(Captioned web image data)
**********
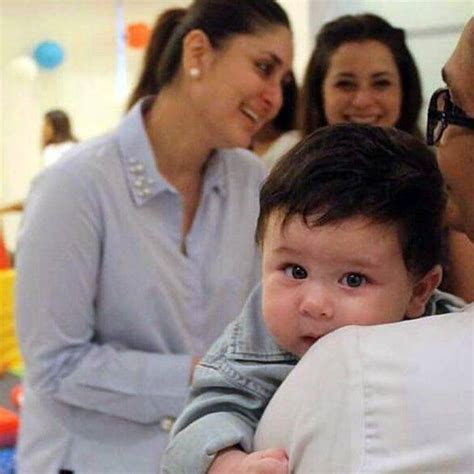 See Pic Saif Kareenas Son Taimur Is Winning The Internet With This New Adorable Photo Indiatoday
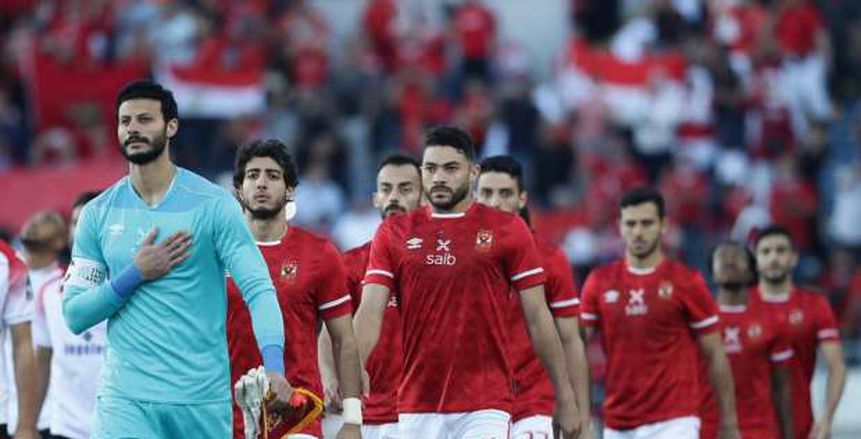 3 تحديات يواجهها الأهلي أمام المقاولون العرب في كأس مصر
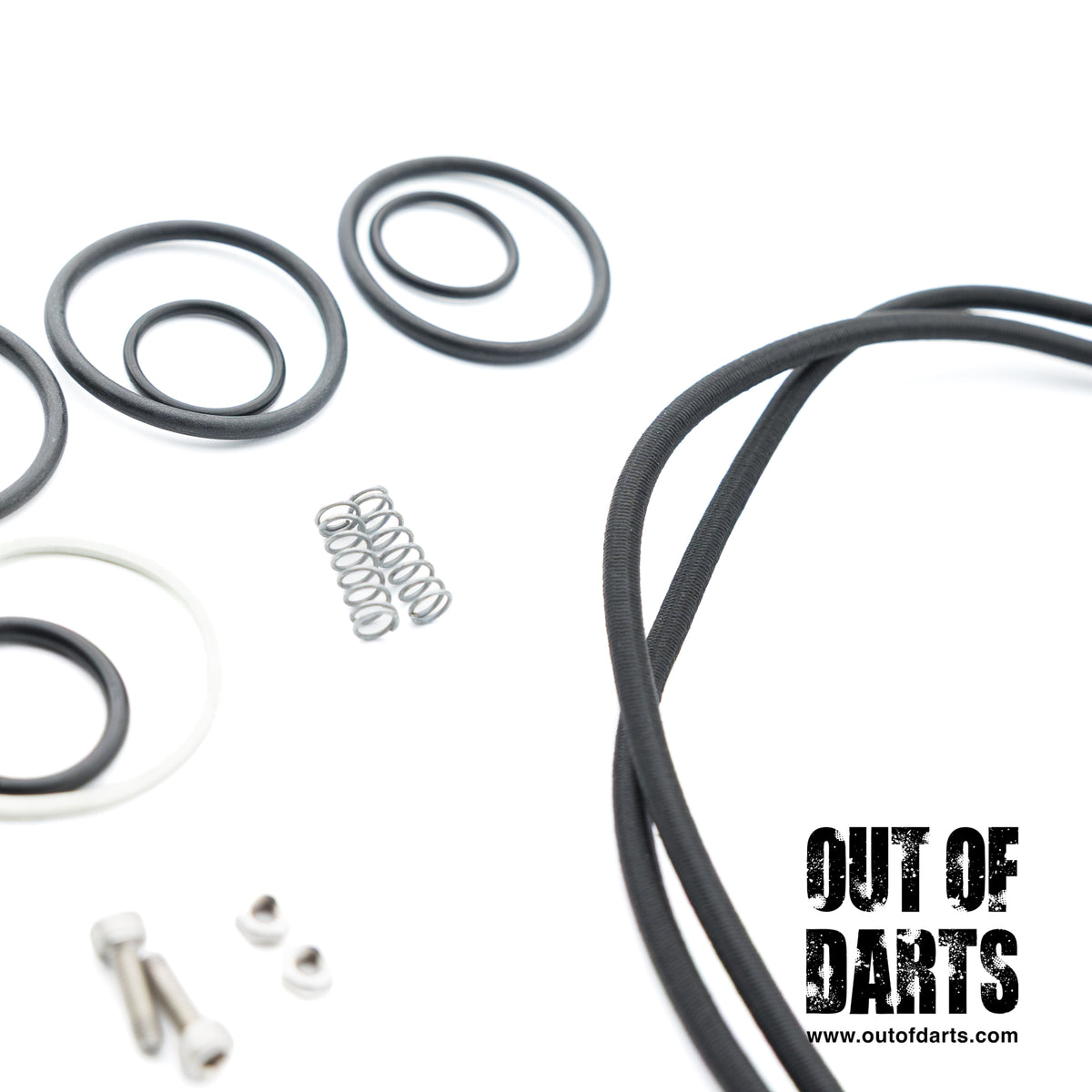 Leedle Dynamics Ultimate Hardware Kit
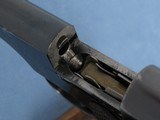 1916 Vintage Colt Pre-Woodsman, Rare Hooded Chamber, Cal. .22 LR **2nd Year Production** SOLD - 15 of 22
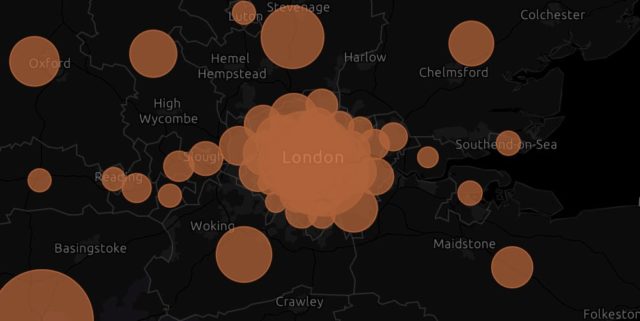 В Великобритании включили в число умерших от COVID-19 скончавшихся вне больниц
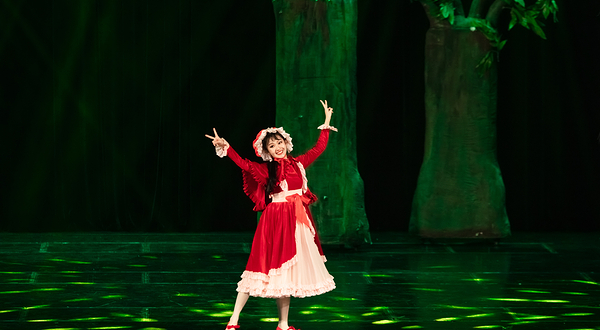 戏宝贝·阿尔法剧场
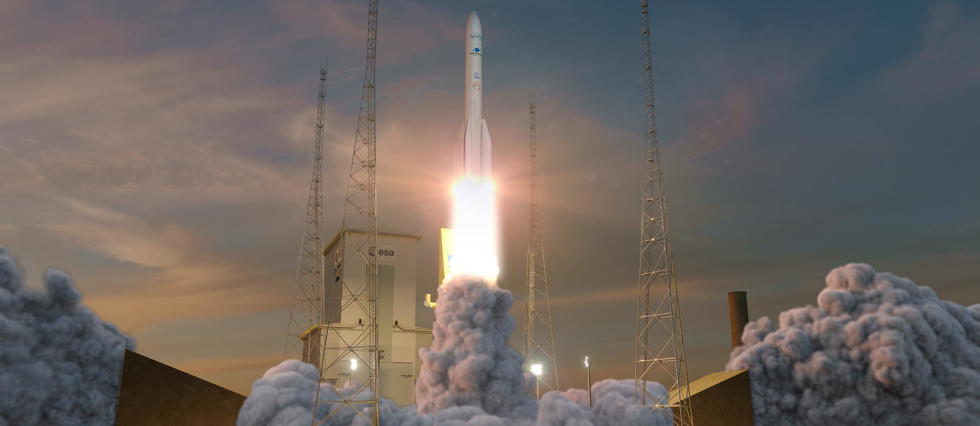 Ariane 6 ne décollera pas avant 2022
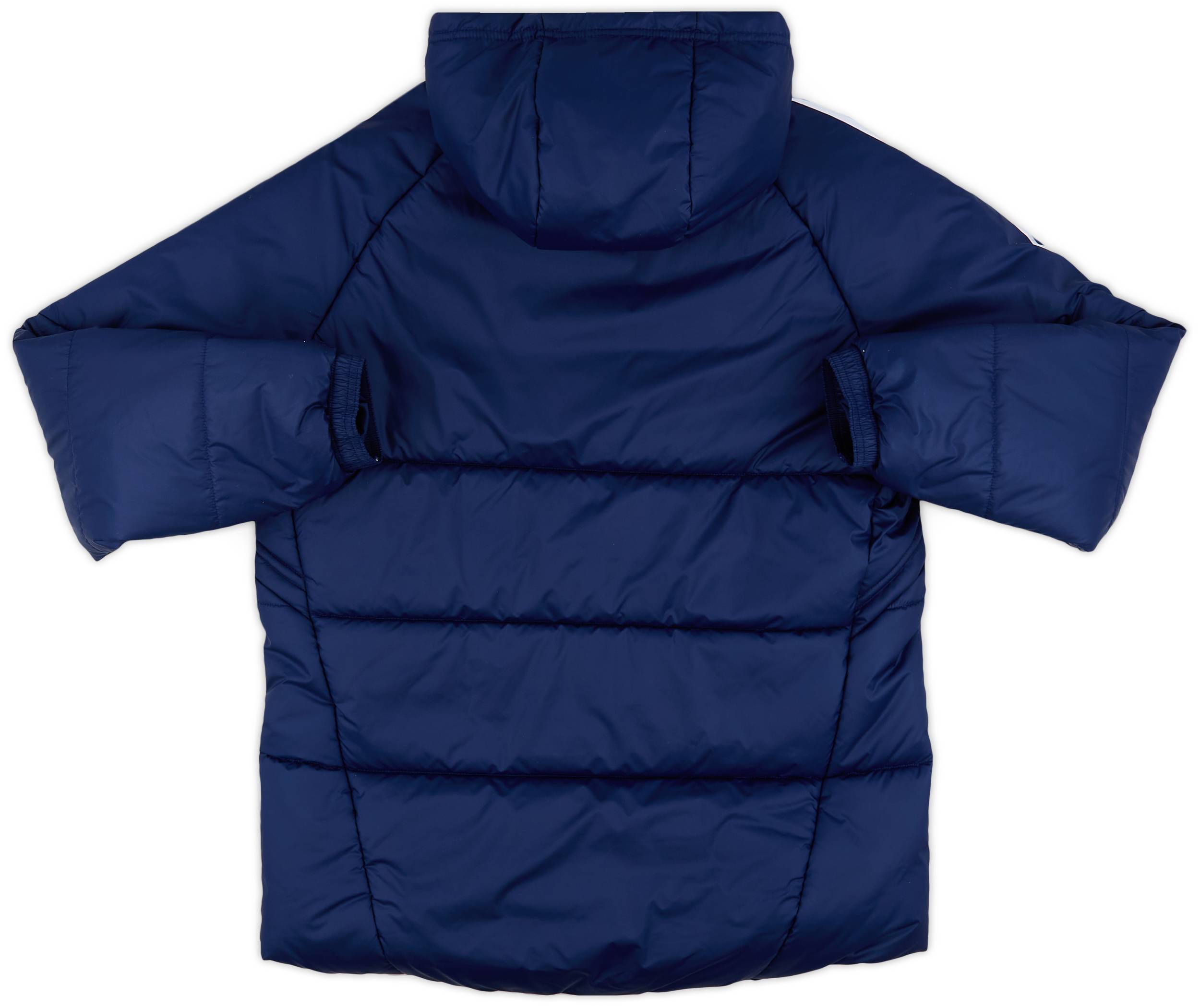 LEEDS UNITED adidas オールウェザージャケット 2023-24 Leeds United adidas All-Weather Jacket (L)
**********
Try it -> Exactly repeat only the lines from the one with "1916 Vintage Colt" to the closing line above, both included, and omit every picture.

Written answer ->
 1916 Vintage Colt Pre-Woodsman, Rare Hooded Chamber, Cal. .22 LR **2nd Year Production** SOLD - 15 of 22
 В Великобритании включили в число умерших от COVID-19 скончавшихся вне больниц
 戏宝贝·阿尔法剧场
 Ariane 6 ne décollera pas avant 2022
 LEEDS UNITED adidas オールウェザージャケット 2023-24 Leeds United adidas All-Weather Jacket (L)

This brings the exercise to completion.